- The Supreme Court on Friday decided to take up a contentious debate over whether online sellers would be required to collect sales tax in the same way local physical stores do. The court also urged Congress to address the issue through legislative efforts.
- The court was petitioned to take up the case in October when South Dakota Attorney General Marty Jackley (R) asked the court to to review the South Dakota Supreme Court decision State of South Dakota v. Wayfair, Overstock and Newegg. Jackley at the time called on SCOTUS to "level the playing field" by overruling the physical-presence requirement set as a precedent 25 years ago in the Quill Corp v. North Dakota case.
- Matthew Shay, the head of the National Retail Federation, called the move "encouraging" in a statement. "Congress should not sit on the sidelines as the Supreme Court considers this case. It’s time to pass legislation to settle this critical issue once and for all. Even if the court rules in favor of a modern sales tax policy, legislation will still be needed to spell out how that would work," he said.

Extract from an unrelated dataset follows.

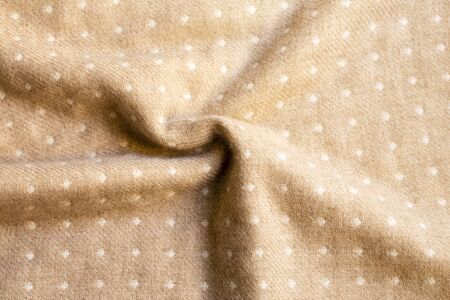 white dots in beige fabric texture and wrinkle useful as a background.close up and copy space.の写真素材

Reversal of the precedent would be a big win for brick-and-mortar businesses that for years have argued against the unfair advantages given to e-commerce businesses.
Twenty five years ago, SCOTUS ruled that states could not require out-of-state retailers to collect sales tax unless they had a physical presence in the state. But back in 1992, the dot-com boom had yet to hit, and merchants and consumers had not foreseen the impact that e-commerce would come to have on the industry. Today, with pure-play online merchants like Stitchfix and e-commerce marketplaces from the likes of Amazon dominating retail segments, Jackley said it’s time to modernize online sales tax rules — and he’s not alone.
For nearly a decade, retailers and trade organizations including the NRF and the Retail Industry Leaders Association, have lobbied Congress to pass legislation to end competitive advantages that the ruling inadvertently extended to e-commerce players.
The original case stems from a 2016 North Dakota state law requiring out-of-state merchants with annual in-state sales totaling more than $100,000 or 200 separate transactions to collect and remit sales tax, which was struck down by the state Supreme Court due to precedent.
For years, one of the biggest adversaries in the online sales fight was Amazon. But the e-commerce giant has been collecting sales tax for years now in most states, and as of April 1 2017 it began collecting in all remaining states with such levies. It is unclear when the justices will reach a decision.